Data streams must deliver sequenced information in real time, and must be consistent and highly available. The amount of raw data in a stream can surge rapidly. Streams need to prioritize proper data sequencing, data consistency, and availability, even during times of high activity. Streams also must be designed for durability in the event of a partial system failure.

Across a distributed hybrid cloud environment, a streaming data cluster demands special considerations. Apache Kafka data brokers are stateful and must be preserved in the event of a restart. Scaling requires careful orchestration to make sure messaging services behave as expected and no records are lost.

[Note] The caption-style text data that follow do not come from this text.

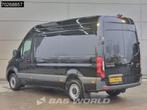 Mercedes Sprinter 319 CDI Automaat L2H2 model 2025 Camera MB, Auto's, Stof, Euro 6, 2000 kg, Mercedes-Benz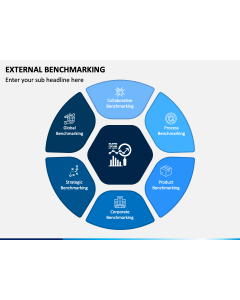 External Benchmarking PPT Slide 1
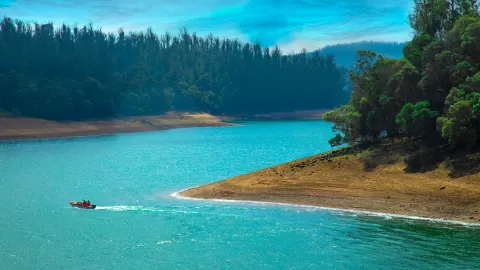 pykara-ooty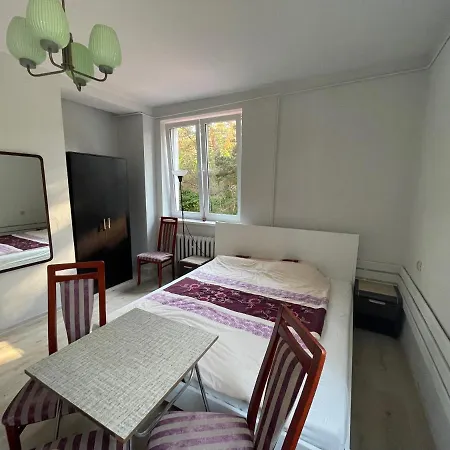 - Osrodek Na Klifie Village - Helska 11 * Hel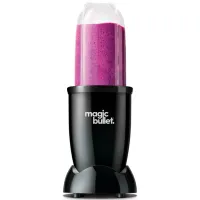 Blender staționar Nutribullet MBR04B 200 W / Black photo 2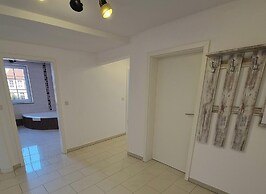 Moritz Apartments - Pfarrgasse 09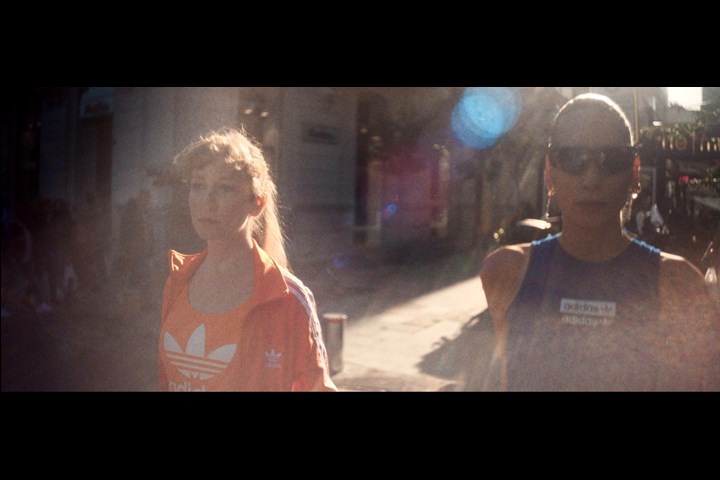 Adidas Originals: We're the Kids from the Block - 85/90 Projects - Adidas Originals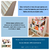 Estante Expositor Porta Livros Livreiro Revisteiro Montessori de MDF Branco - Dumbo na internet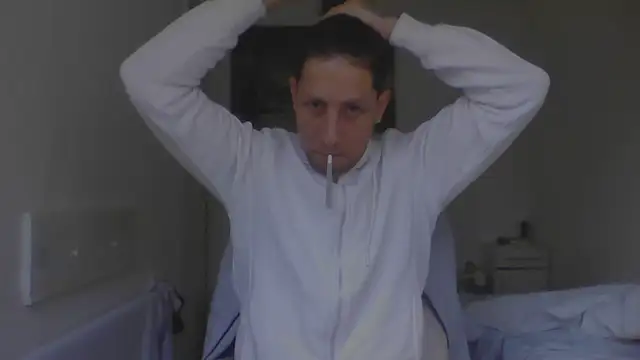 TitanNoir online show from 12, 4, 2026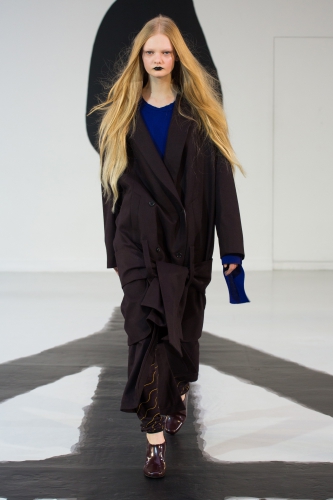 AALTO FW 2016 - 2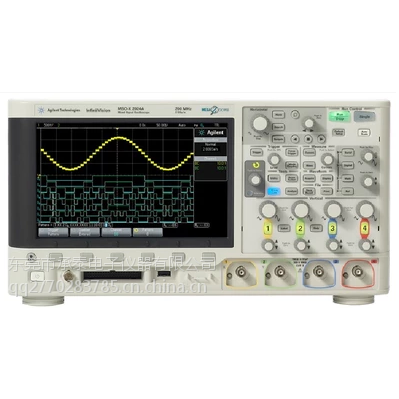 նAgilent MSOX2024A źʾ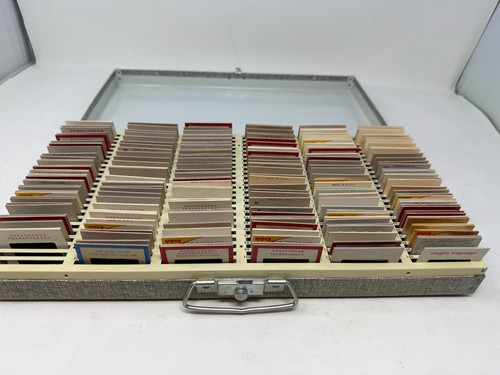 Vintage kodachrome 35mm slide - kodachrome,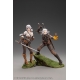 The Witcher - Statuette Bishoujo 1/7 Ciri 23 cm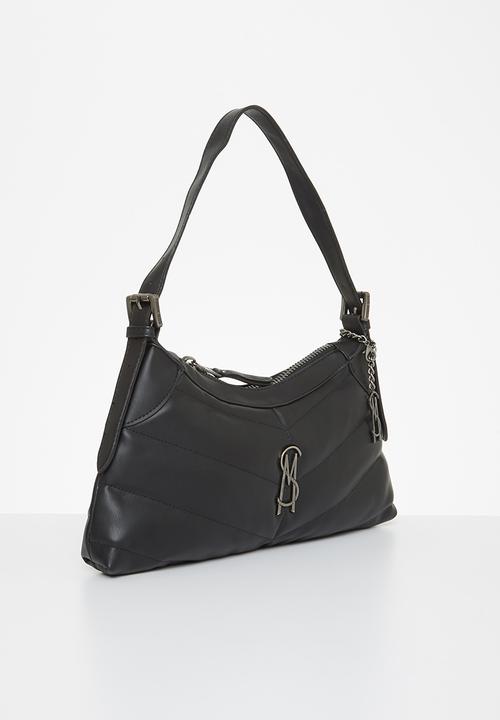 Steve Madden - Bgal - black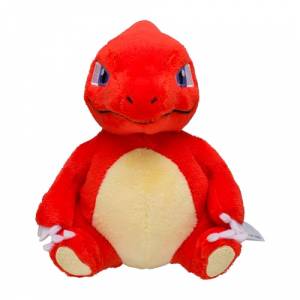Peluche Pokémon: Charmeleon - Pokemon Fit - Limited Edition [The Pokémon Company]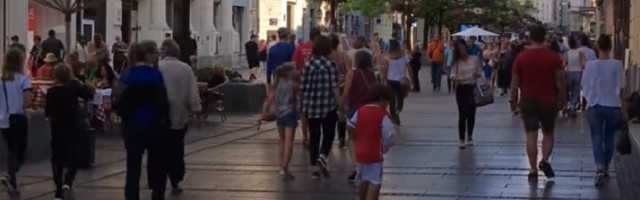 Beograd žarište, kritično i u ovim gradovima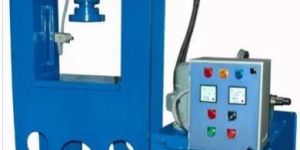 Stationary Block Making Machine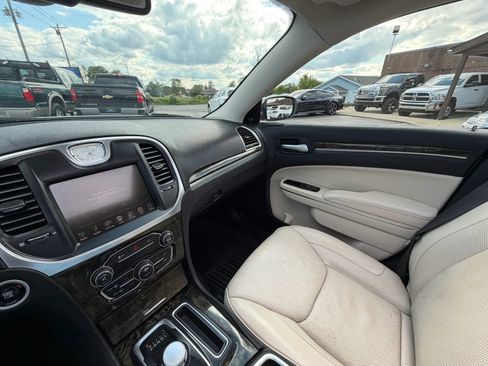 Used 2015 Chrysler 300 C w/ Light Group AWD/4WD image 26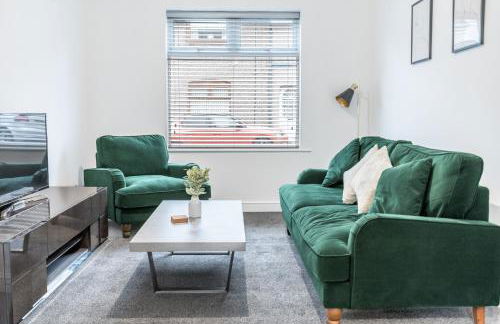 Lakes Seaside Retreat - Foto 1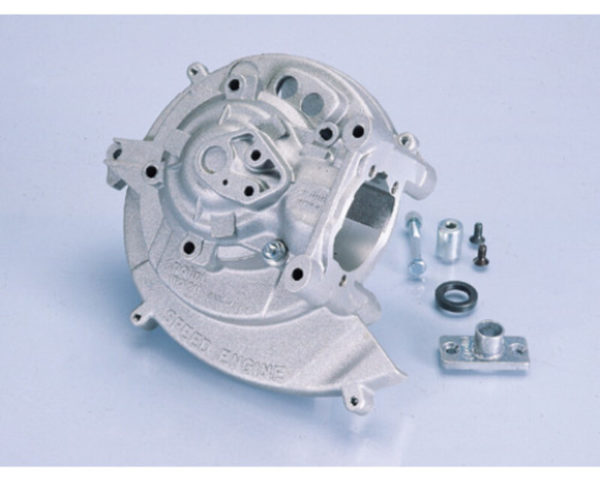 Cárter motor POLINI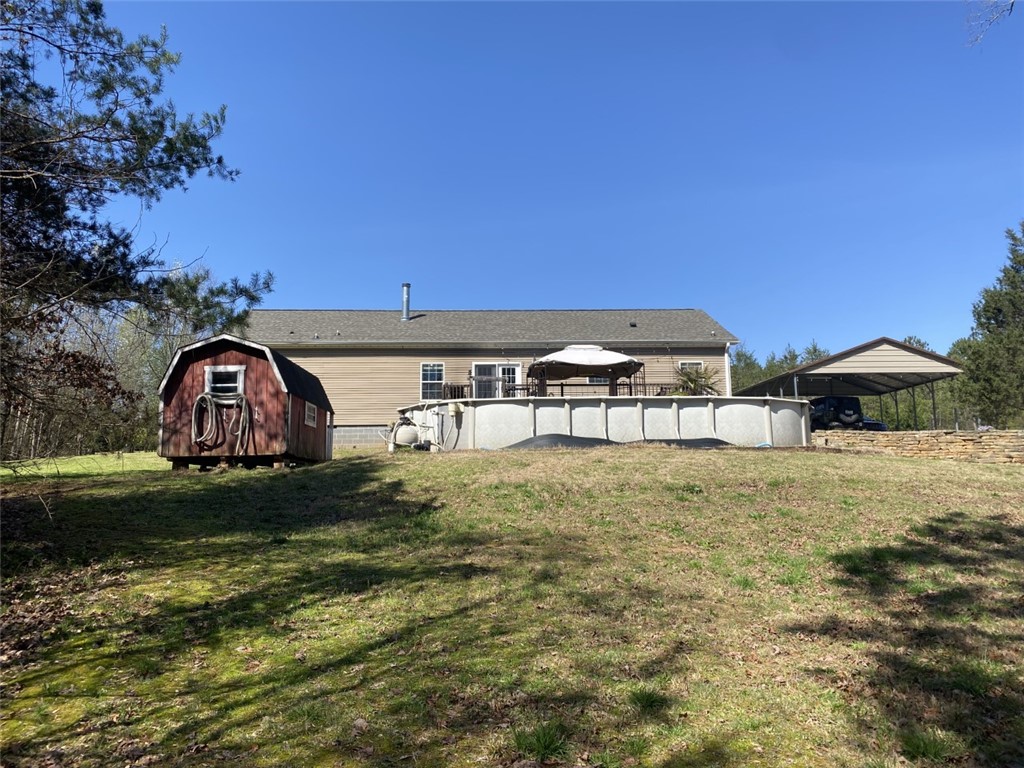 459 Tabor Woods Road Pickens, SC 29671 - Photo 25 of 26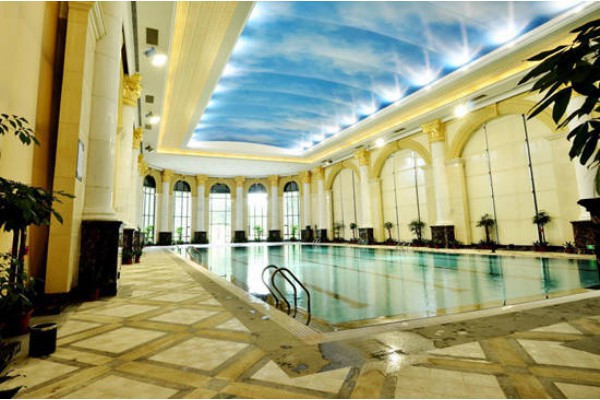 武汉户外喝茶胜地，享受悠闲下午茶(武汉喝茶休闲好去处)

These challenges are why many Apache Kafka users opt for a managed cloud service, in which infrastructure and system management is offloaded to a service provider.

Some of the benefits realized from using a Kafka service include:

  • Infrastructure management is taken care of, so teams can instead focus on app development and other core competencies.
  • Faster application velocity, as teams can begin developing immediately and implement new technology quickly.
  • A large ecosystem of additional cloud services, which can also simplify the delivery of stream-based applications.
  • Connectors that link Kafka brokers to distributed services, making it easy to consume and share streaming data between applications and systems.
  • Consumption-based pricing, allowing customers to pay for what they need when they need it.

And when run on a managed Kubernetes platform, Apache Kafka clusters can span across on-site and public, private, or hybrid clouds, and use different operating systems.